Settantatre, è l’età media dei 12 presidenti della Repubblica nel momento in cui vi hanno messo piede, dal più giovane (Francesco Cossiga, 57 anni) al più anziano (Sandro Pertini, 82). Sintomo evidente di un Paese che si è guardato dietro prima di pensare al futuro, affidando a persone di altre epoche il compito di assumere decisioni vitali. Niente da dire sulla terza età e forse, per lo meno nell’ultimo ventennio, questa scelta è stata causata dalla povertà di preparazione e competenza mostrata dalla gran parte della classe politica. Ma di fronte a uno scenario internazionale che tende sempre più a svecchiare il panorama istituzionale qualcosa di diverso si sarebbe potuto fare.

Si dirà: va bene ma quella del capo dello Stato è una figura simbolica. E’ la più classica delle mezze bugie; la Costituzione gli affida un ruolo di equilibrio e ne fissa pedissequamente funzioni e limiti. Ma l’ampiezza di questi compiti dipende sempre dalla persona cui vengono conferiti. Basti pensare a Napolitano che, complici le contingenze storico-economiche e l’inadeguatezza dei partiti attuali, ha sempre interpretato in modo estensivo i propri poteri, portando alcuni analisti di parte avversa a parlare di un presidenzialismo de facto e a coniare il nomignolo di “Re Giorgio”. Il tutto, però, nel pieno rispetto della nostra legge fondamentale. Per questo, oggi più che mai, servirebbe un Presidente al passo coi tempi. In grado, in primo luogo, di garantire il completamento di quel processo riformista che l’Europa ci chiede. E poi di comprendere a pieno i mutamenti sociali, specie quelli che avvengono tra i giovani.

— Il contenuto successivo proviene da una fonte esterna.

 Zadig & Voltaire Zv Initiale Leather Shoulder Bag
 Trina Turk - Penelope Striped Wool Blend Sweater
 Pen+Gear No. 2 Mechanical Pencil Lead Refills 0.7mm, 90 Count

C’è una fascia della popolazione che in passato ha ottenuto diritti e privilegi e ce ne è un’altra che sgomita per emergere. Mai come oggi si affrontano padri e figli, fratelli maggiori e minori, per mantenere lo status quo (da un lato) e per averne uno nuovo (dall’altro). E allora il dato anagrafico torna a essere importante. Ci si chiede se politici di lungo corso come Amato (76 anni), Prodi (75) o Mattarella (73), giusto per fare tre dei nomi più papabili per il Colle, siano in grado di comprendere appieno questo aspetto. In tale ottica preoccupano le promesse di un’elezione celere, già decisa nelle consultazioni di questi giorni, fatte dal premier Matteo Renzi. Vero è che il gap istituzionale va colmato il prima possibile.

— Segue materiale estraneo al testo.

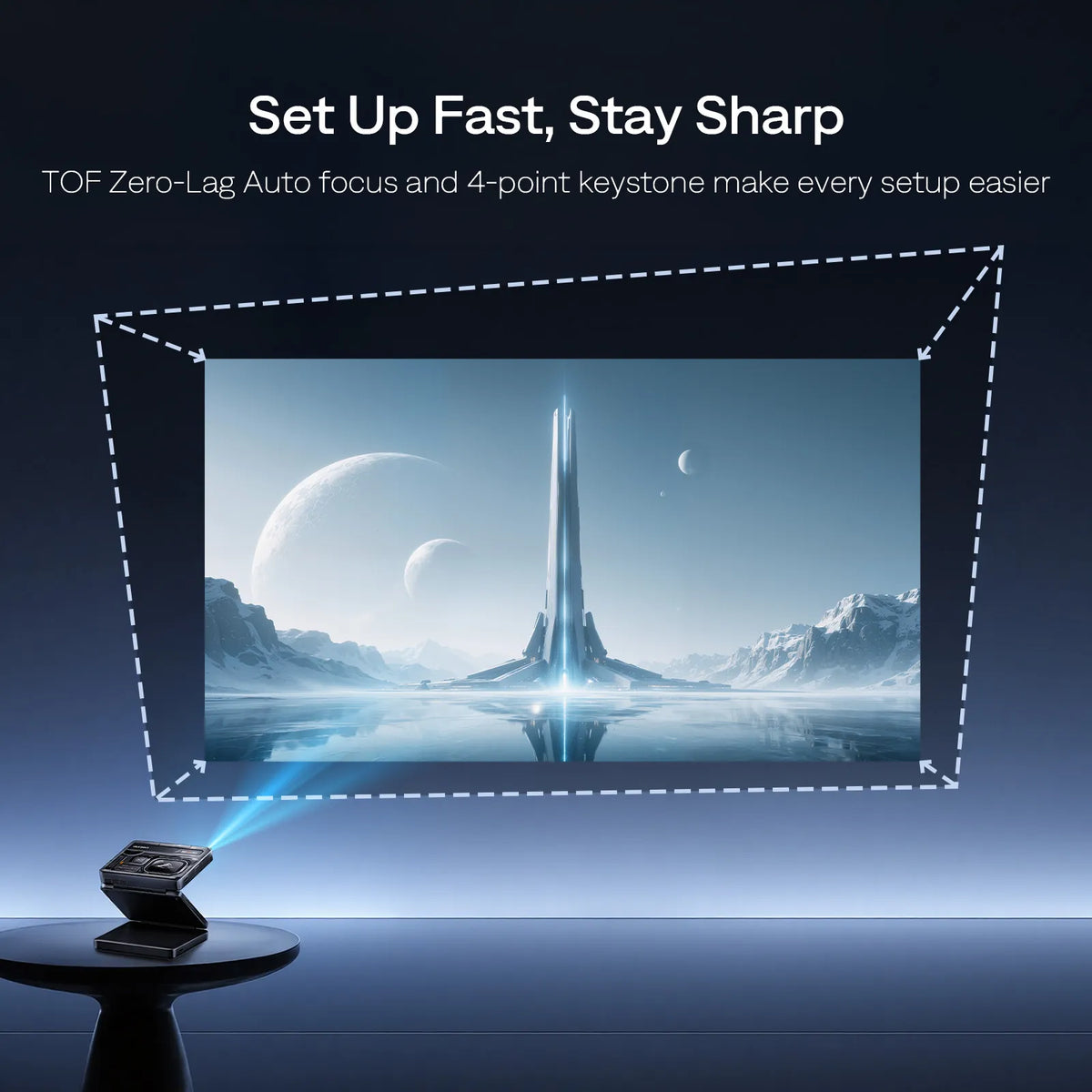 <tc>Aurzen</tc> <tc>ZIP</tc> Pro Tri-Fold Full HD tragbarer Projektor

Ma il rischio concreto, quando ci sono in ballo i partiti, è che la nomina dell’inquilino del Quirinale si trasformi in un mero compromesso, seguendo il criterio del “non scontenta nessuno” rispetto a quello della scelta migliore. Così è stato nella maggior parte dei casi, salvo poche, rare eccezioni.  Ma così non può essere oggi, se veramente si vuole inserire la parola “rinnovamento” nei dizionari di Palazzo. Inutile girarci intorno: la Terza Repubblica – che si appresta a nascere con l’imprimatur di una nuova Carta costituzionale – deve imboccare subito la direzione giusta, con un capo dello Stato forte, legittimato da un ampio ma non meccanico consenso e con idee giovani. O sarà l’ennesima occasione persa.